Start of RECORDS SUPPLIED

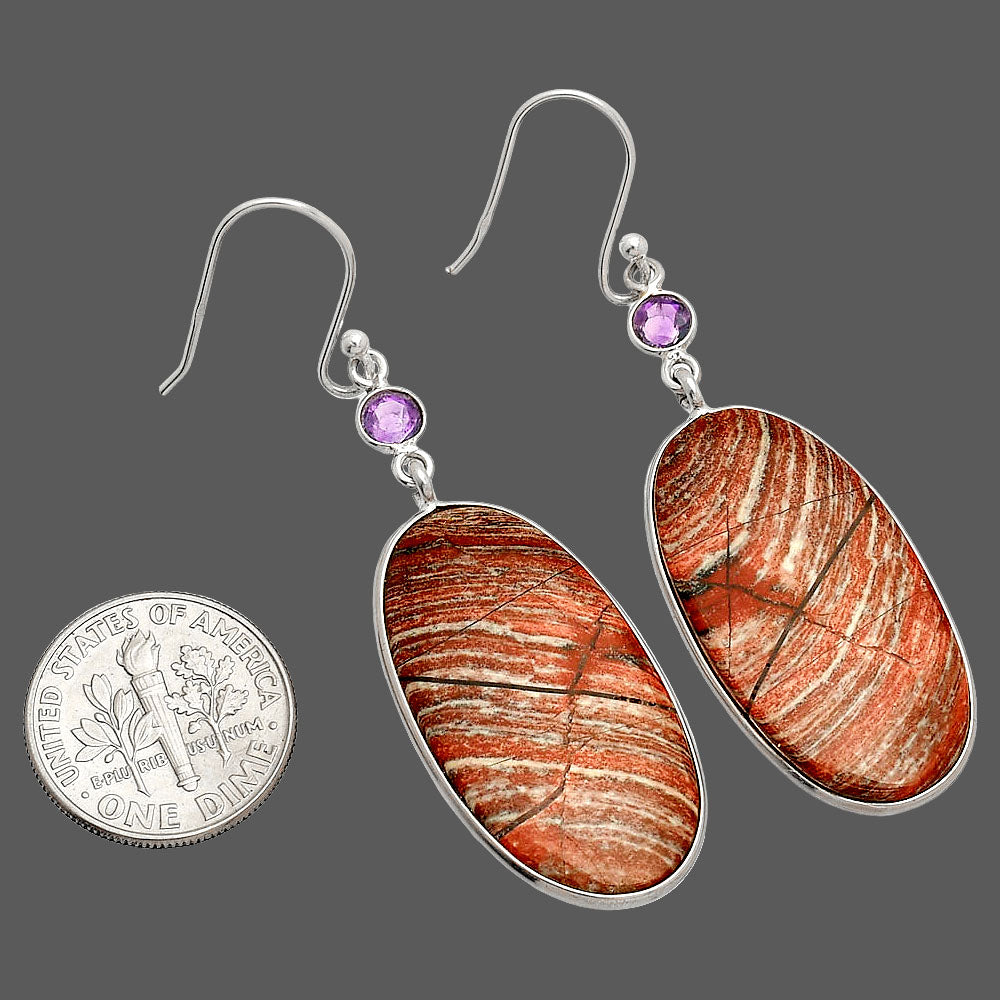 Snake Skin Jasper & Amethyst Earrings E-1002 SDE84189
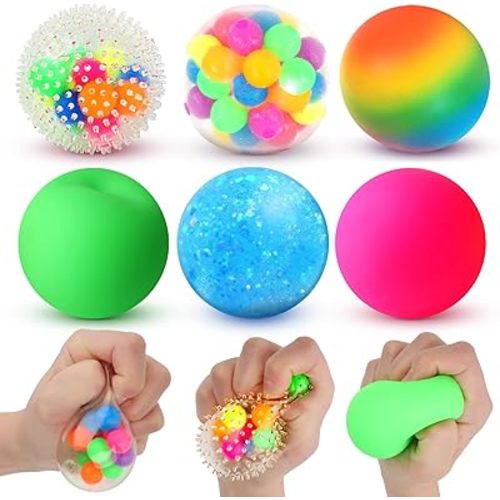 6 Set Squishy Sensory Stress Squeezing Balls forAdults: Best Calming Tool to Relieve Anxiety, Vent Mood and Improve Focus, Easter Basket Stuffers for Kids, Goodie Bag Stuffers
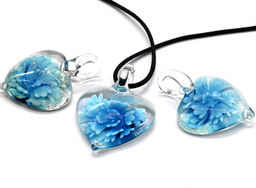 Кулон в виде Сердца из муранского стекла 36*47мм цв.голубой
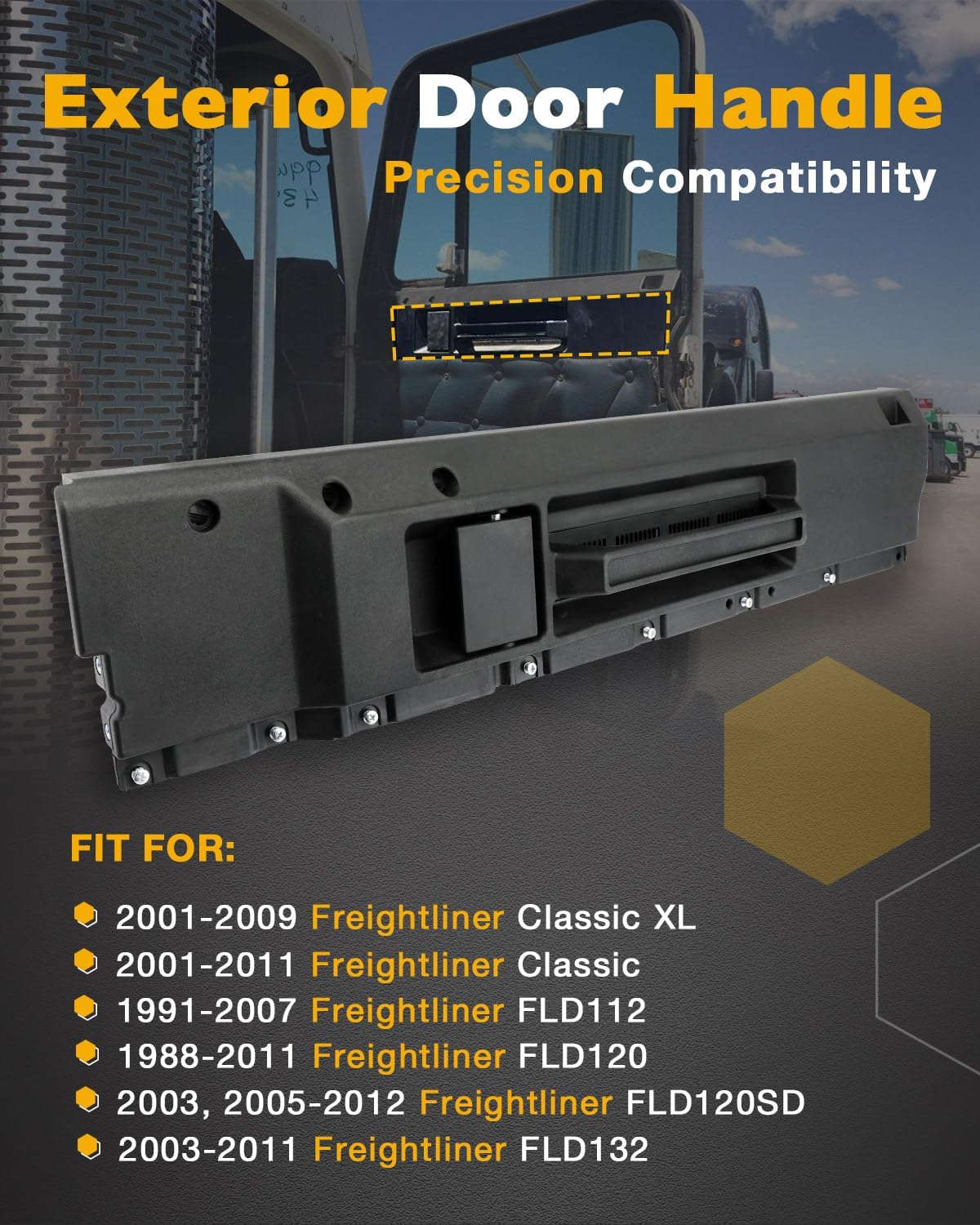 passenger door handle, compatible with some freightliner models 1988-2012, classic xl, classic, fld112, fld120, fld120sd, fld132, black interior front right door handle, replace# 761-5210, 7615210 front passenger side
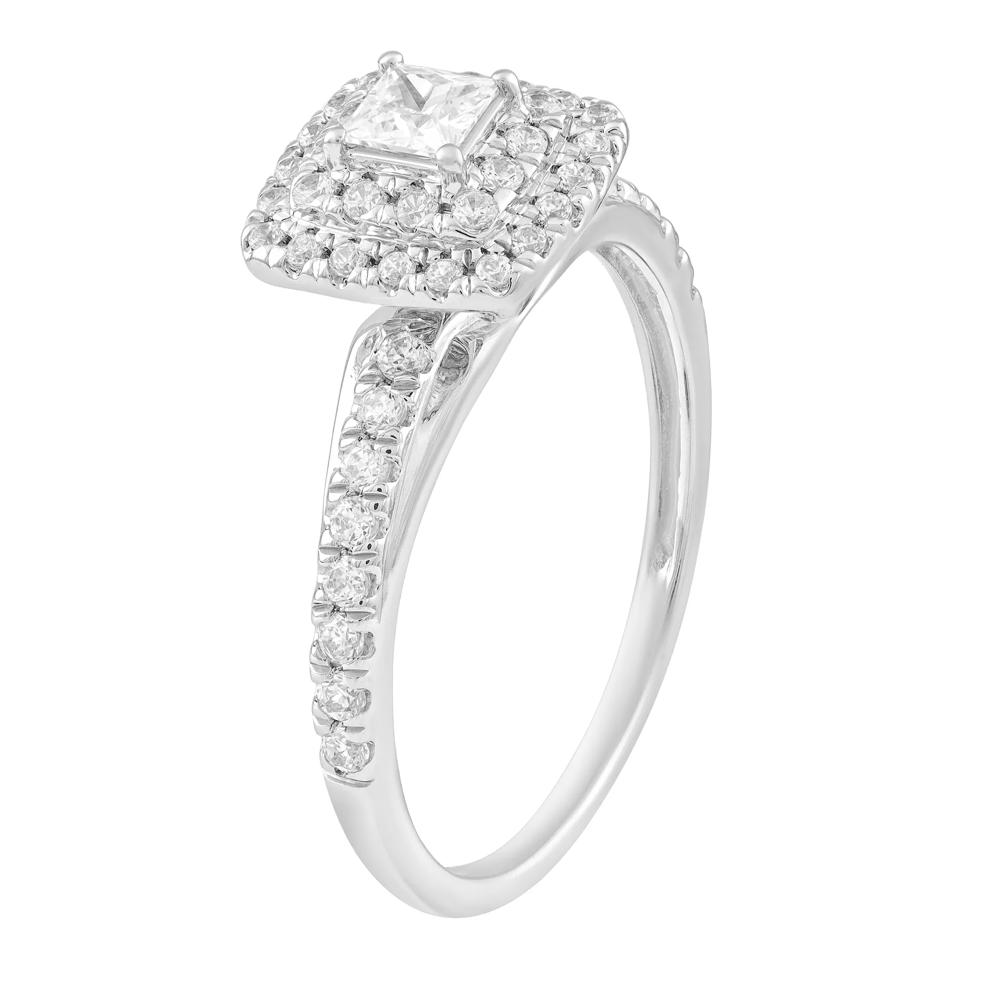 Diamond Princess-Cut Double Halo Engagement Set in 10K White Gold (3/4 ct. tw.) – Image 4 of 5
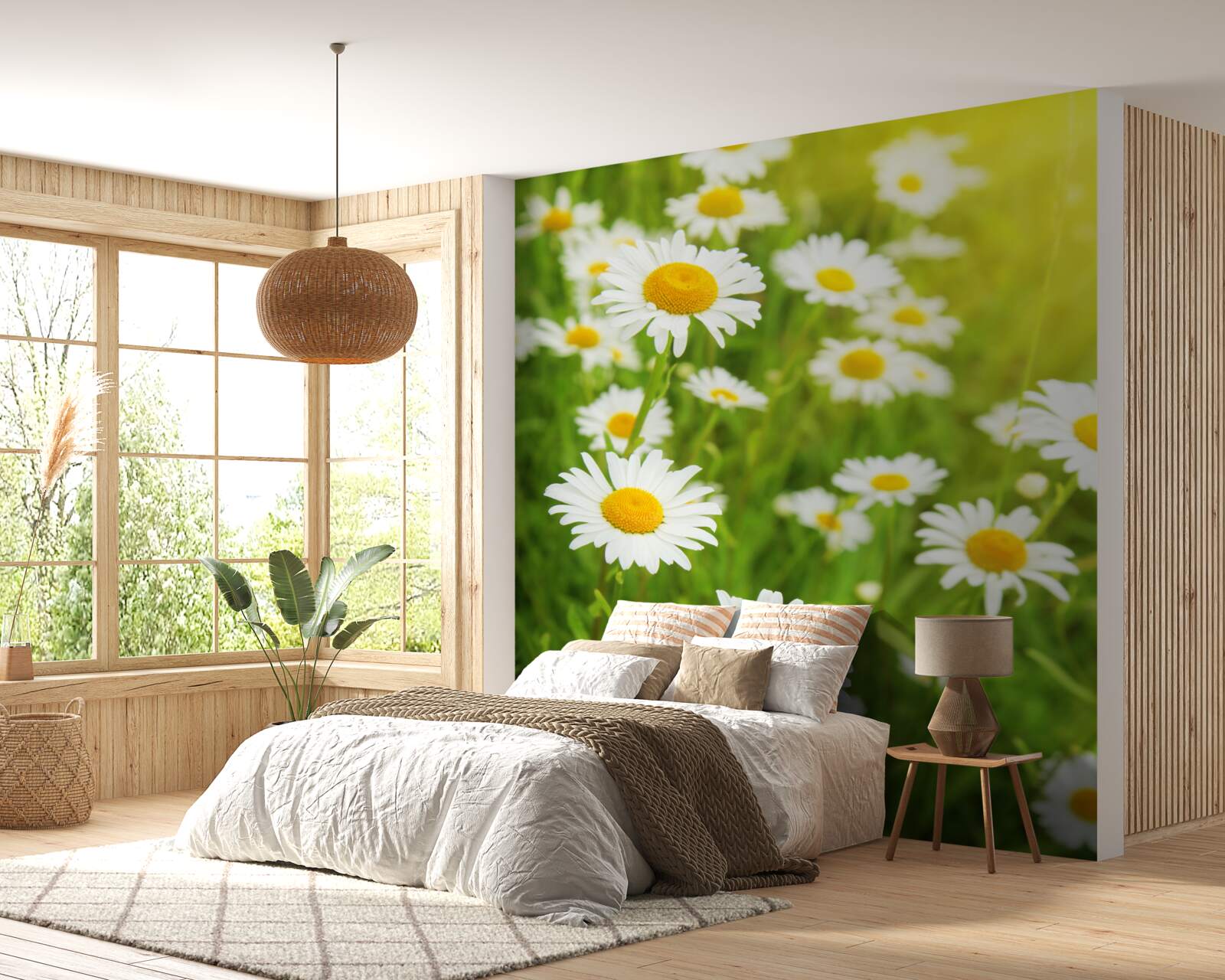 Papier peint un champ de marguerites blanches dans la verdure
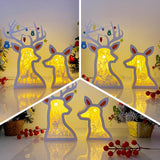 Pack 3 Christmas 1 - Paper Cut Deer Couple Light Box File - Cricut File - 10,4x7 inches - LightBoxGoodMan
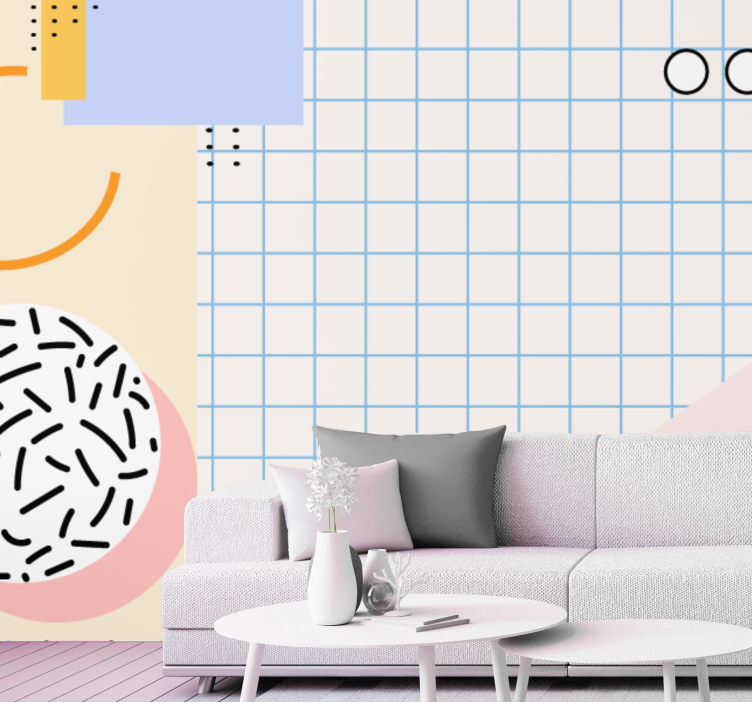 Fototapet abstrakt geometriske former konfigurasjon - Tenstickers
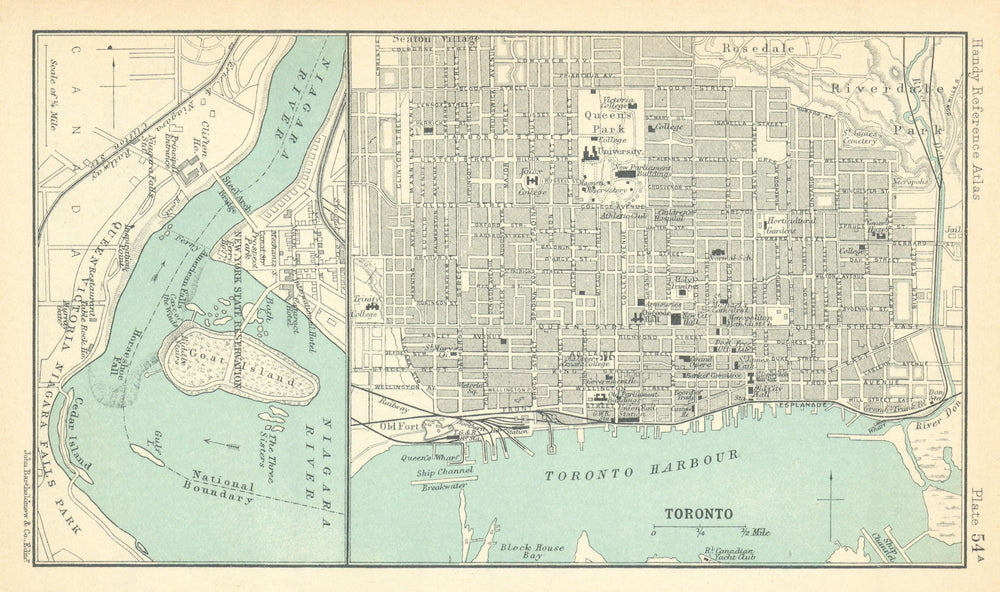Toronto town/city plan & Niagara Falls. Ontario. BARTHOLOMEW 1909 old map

End of RECORDS SUPPLIED

Set down the data above exactly as written. Omit the pictures.

 Snake Skin Jasper & Amethyst Earrings E-1002 SDE84189
 6 Set Squishy Sensory Stress Squeezing Balls forAdults: Best Calming Tool to Relieve Anxiety, Vent Mood and Improve Focus, Easter Basket Stuffers for Kids, Goodie Bag Stuffers
 Кулон в виде Сердца из муранского стекла 36*47мм цв.голубой
 passenger door handle, compatible with some freightliner models 1988-2012, classic xl, classic, fld112, fld120, fld120sd, fld132, black interior front right door handle, replace# 761-5210, 7615210 front passenger side
 Diamond Princess-Cut Double Halo Engagement Set in 10K White Gold (3/4 ct. tw.) – Image 4 of 5
 Papier peint un champ de marguerites blanches dans la verdure
 Pack 3 Christmas 1 - Paper Cut Deer Couple Light Box File - Cricut File - 10,4x7 inches - LightBoxGoodMan
 Fototapet abstrakt geometriske former konfigurasjon - Tenstickers
Toronto town/city plan & Niagara Falls. Ontario. BARTHOLOMEW 1909 old map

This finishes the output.